# Viper 479V P C Remote not responding



## varn99 (Feb 7, 2009)

I have a 479V/P/C Remote for my car starter. Everything actually works except the 2 way does not tell you car is running or doors are locked etc....

I push the button to start my car, it starts, but the remote beeps 3x like it did not repond and the LCD screen will not show me the little smoke icon even though the car is running. Same thing with door locks, I push the button to lock the doors, they lock, but the remote beeps 3x and it does not show me on the LCD screen the doors locked even though they did. Any ideas? 

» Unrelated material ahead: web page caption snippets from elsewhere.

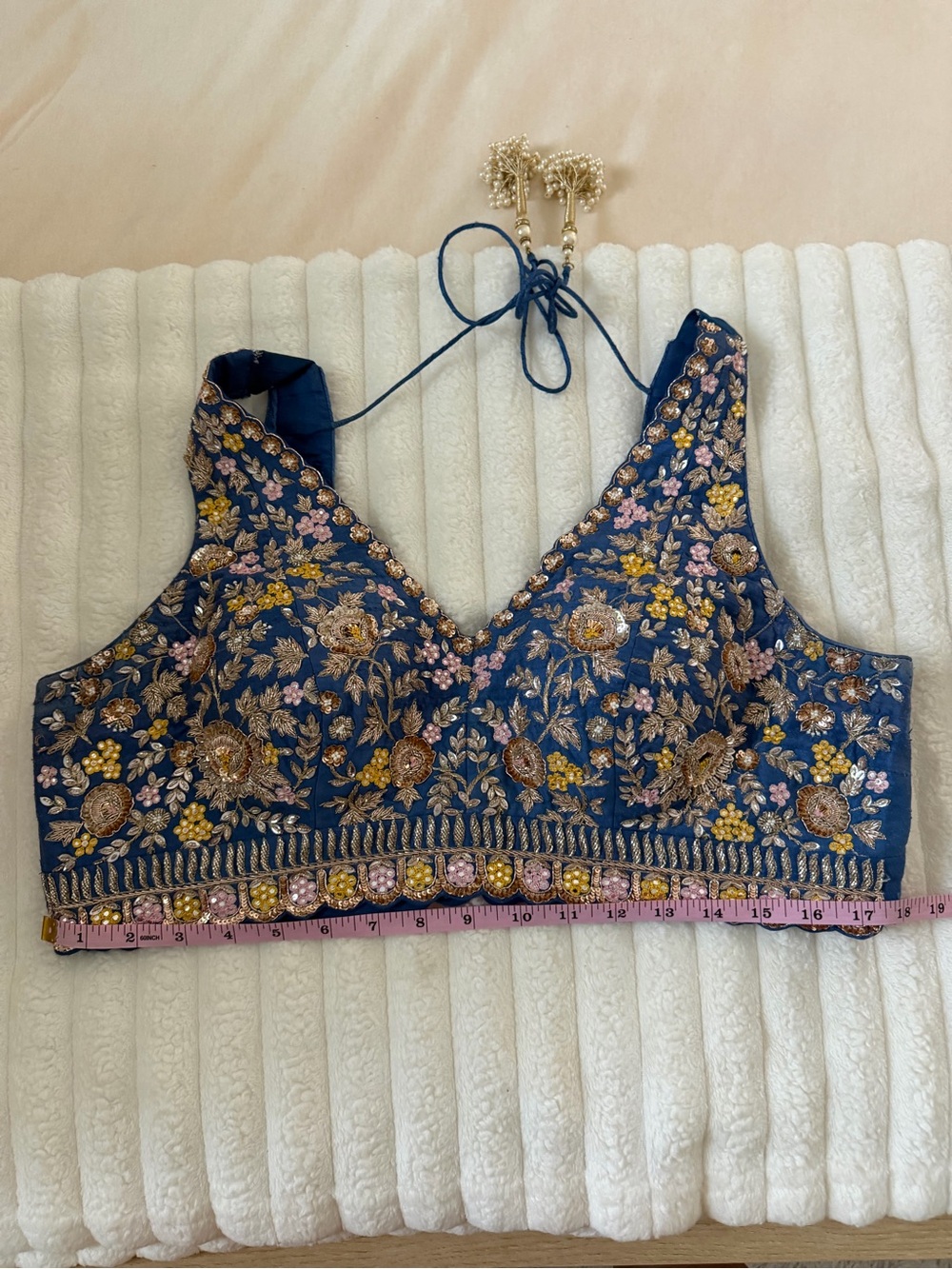 Chamee & Palak Embroidered Jewled Navy Floral Halter Camisole - Picture 10 of 12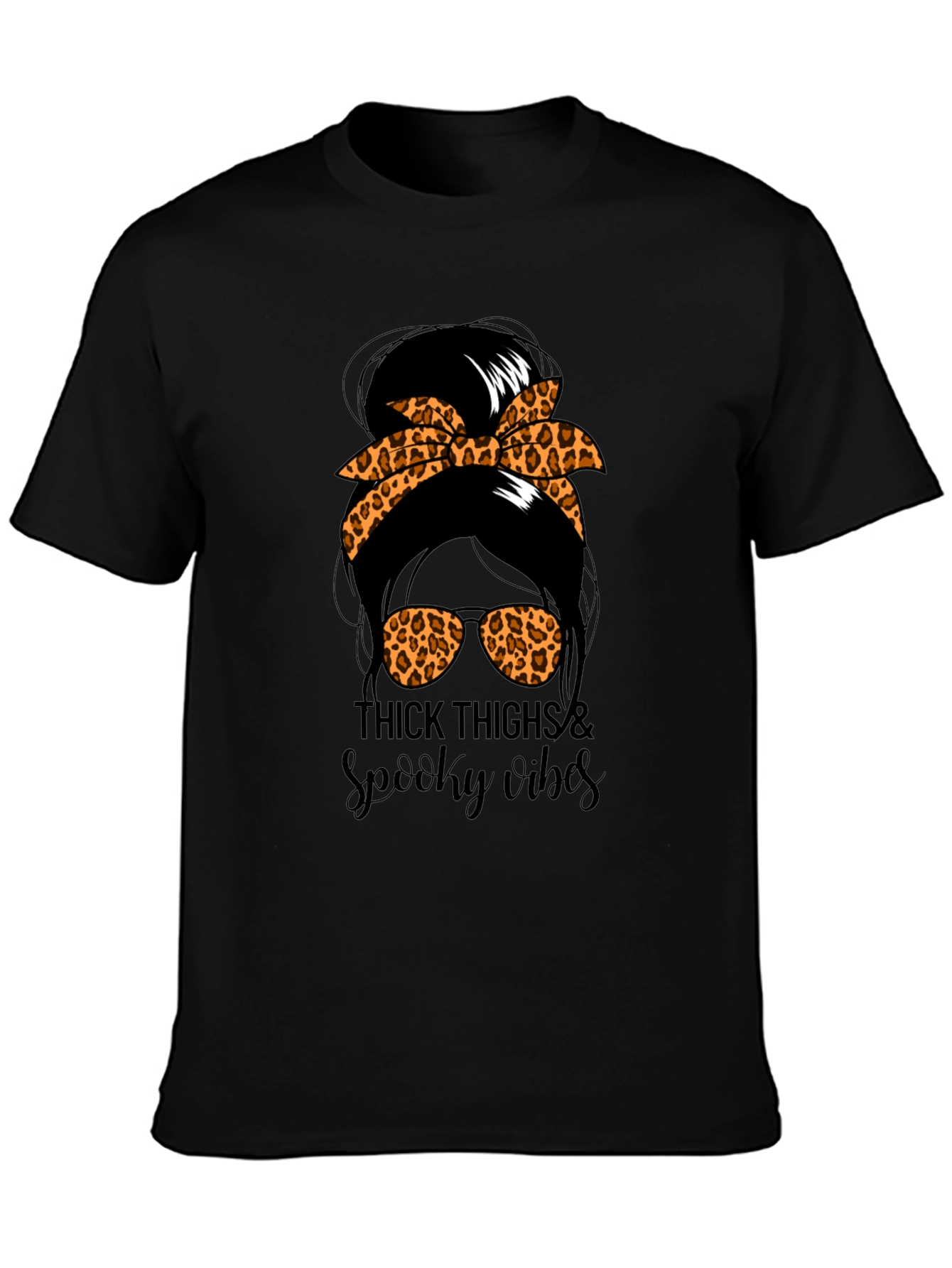 Thick Thighs & Spooky Vibes Messy Bun T-Shirt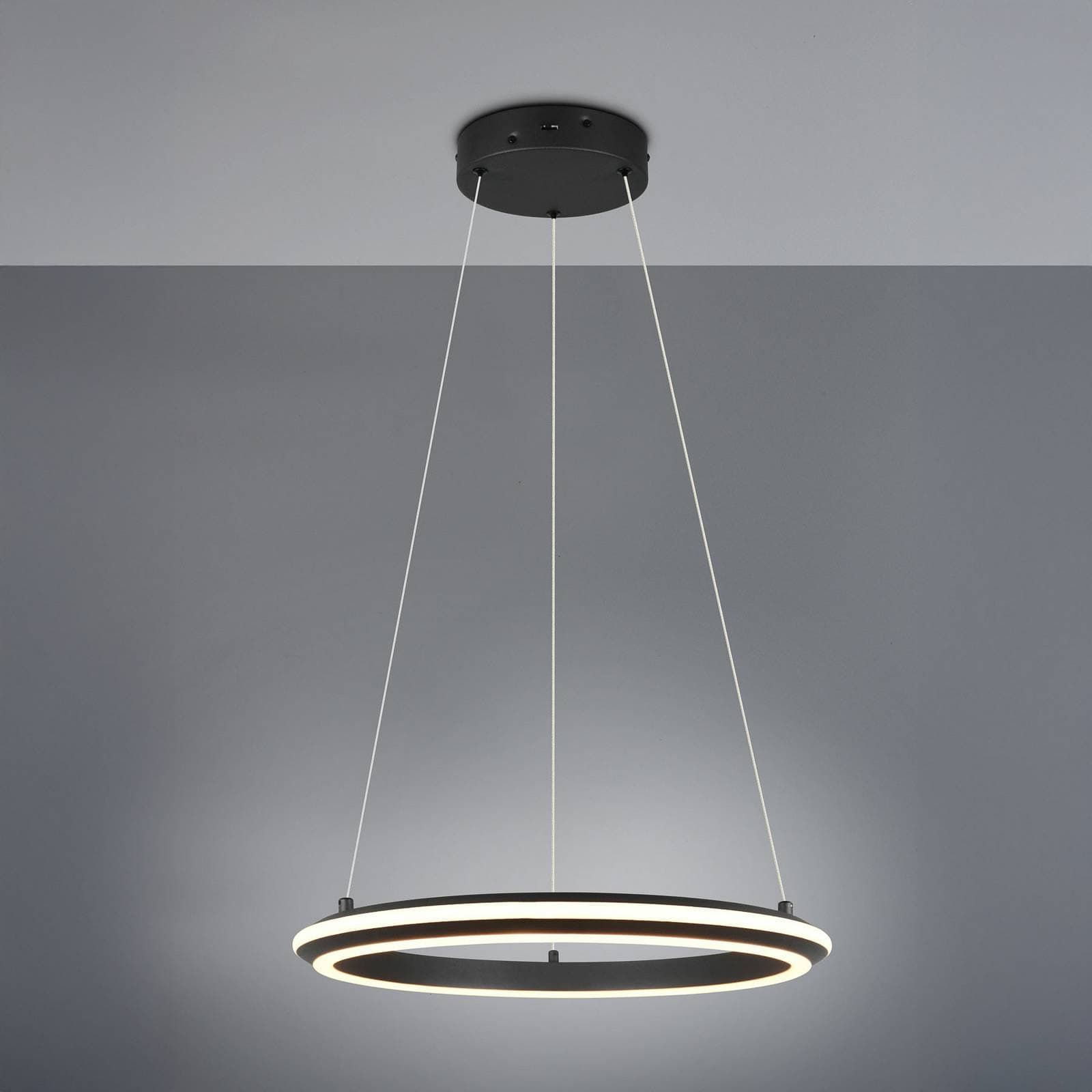 LED závesné svietidlo Amador, Ø 45 cm, čierna matná, kov, CCT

The only thing I have tried is disconnecting the battery for 15 minutes. Did not work. Is my remote bad? Programming issue?

Thank you


----------



## jaggerwild (May 21, 2007)

How old is the remote battery, it may be just about to die out.


----------



## lcurle (Oct 5, 2008)

replace the battery


----------



## varn99 (Feb 7, 2009)

I've replaced the remote battery and still have had no luck. I know the battery in my car is about 6 years old and I was thinking about replacing that as I was having some trouble here in the cold winter of Minnesota. Think that would help?:4-dontkno


----------



## jaggerwild (May 21, 2007)

Yeah, 
Make sure to get the proper CCA (cold cranking amps) that is ratted for that auto. I'm not current on how to reset that unit but I'd also try that after words.


----------



## aphisiglovessae (Jun 30, 2009)

I'm having the same problem. Did you find the solution?


----------



## Raylo (Feb 12, 2006)

I recently installed the Clifford version of this system on my Tacoma... so far so good. Sounds like either the transmitter in the brain or the receiver in the remote isn't working properly. Have any of you guys with the issue tried another remote? Most of these systems came with only 1 responder 2-way remote (some had a second 1-way for a spare) but new 479 2-way remotes can be had online now for about $75. Might be worth a try.


----------